You were close by when this happened and no harm done? I'd guess there'd at least be battle damage to the underwear :fan:.

Thanks for the tip, I might modify mine as well.


----------



## gus (Dec 23, 2014)

Your aerosol serves as an unloading bottle to buy time before the discharge pressure goes up too high and stall starting. I used 2'' O.D. x  6'' L  x 1/8'' T.steam pipe with screwed caps as unloading bottle.
I have used this option to do away with the expensive unloading solenoid valve. Same solenoid is normally open on starting for 3 secs. Or a normally closed solenoid valve can be used with a timer to open and closed after 3 seconds.
I have built and shipped hundreds of Single Phase and three phase air compressors with no motor stalling or power trips during my time with Ingersoll-Rand,Singapore Type 30 Plant.

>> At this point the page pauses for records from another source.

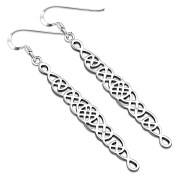 Long Celtic Knot Plain Silver Earrings, ep194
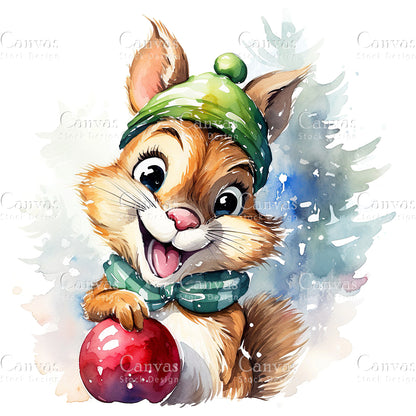 Christmas Squirrel, Watercolor, Jpgs, Bundle, Junk Journal, Christmas, Christmas Clipart, Digital Download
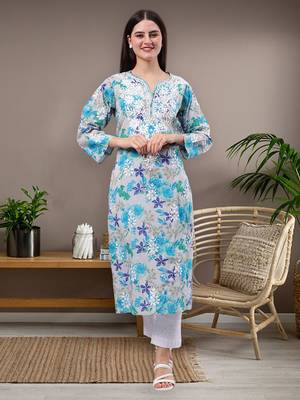 hand embroidered blue mal-mal lucknowi chikan kurta 1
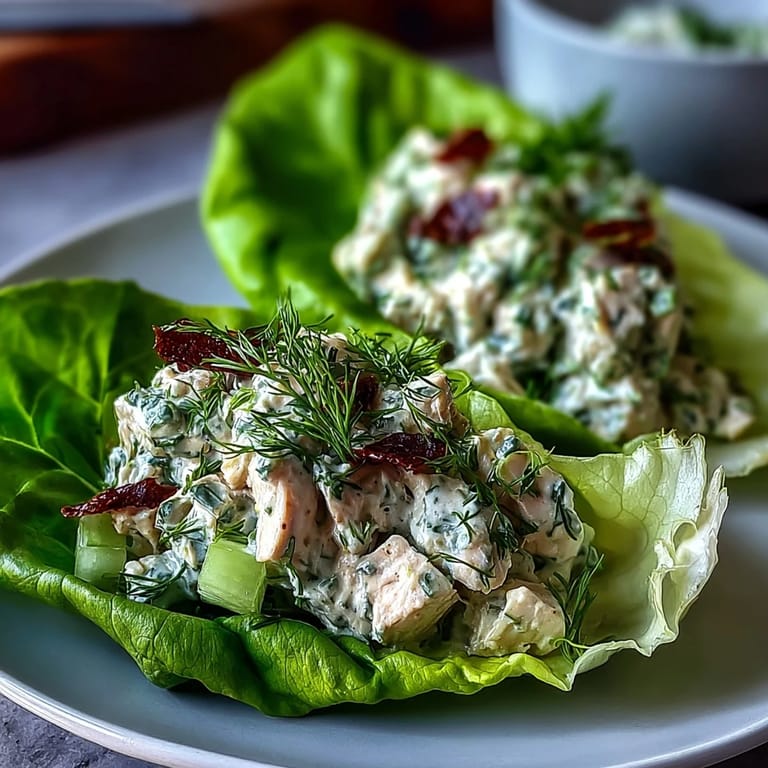 Colorful avocado herb chicken salad spooned into lettuce cups, garnished with cherry tomatoes for added freshness.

It is unsafe practice to use an aerosol can to serve as unloading bottle.


----------



## Ken I (Dec 23, 2014)

gus said:


> It is unsafe practice to use an aerosol can to serve as unloading bottle.



No kidding ?





That was part of the point of the post - it was meant as a quick and dirty fix to see if the idea worked - it did and I stupidly left it like that.

I am a certified engineer and used to test and sign off on serious pressure vessels - hence the "I should know better" comment.

Maybe you meant the CO2 bottle - which is certainly not to code - but I am satisfied that its able to handle way more than the receiver.

While on that subject, how many HMEM members have had their compressors inspected to local codes ? periodic tests and inspections etc.

Ingersol Rand - say no more - fine compressors - I'm talking those cheap hobbyist type with the pressure switch that simply empties the header pipe - there is no start up time delay between motor start and the compressor delivering.

Your idea of a piece of capped tubing is a good one though.

Regards,


----------



## mu38&Bg# (Dec 23, 2014)

Interesting. I purchased a small compressor last year and it seems to leak at startup until a significant pressure is built up in the head pipe. That doesn't help it start when it's cold, however. The oil in the crankcase is so thick it will drain the starting capacitor and trip a breaker before it gets going fast enough to make decent torque. I have to find a suitable synthetic oil.

Greg


----------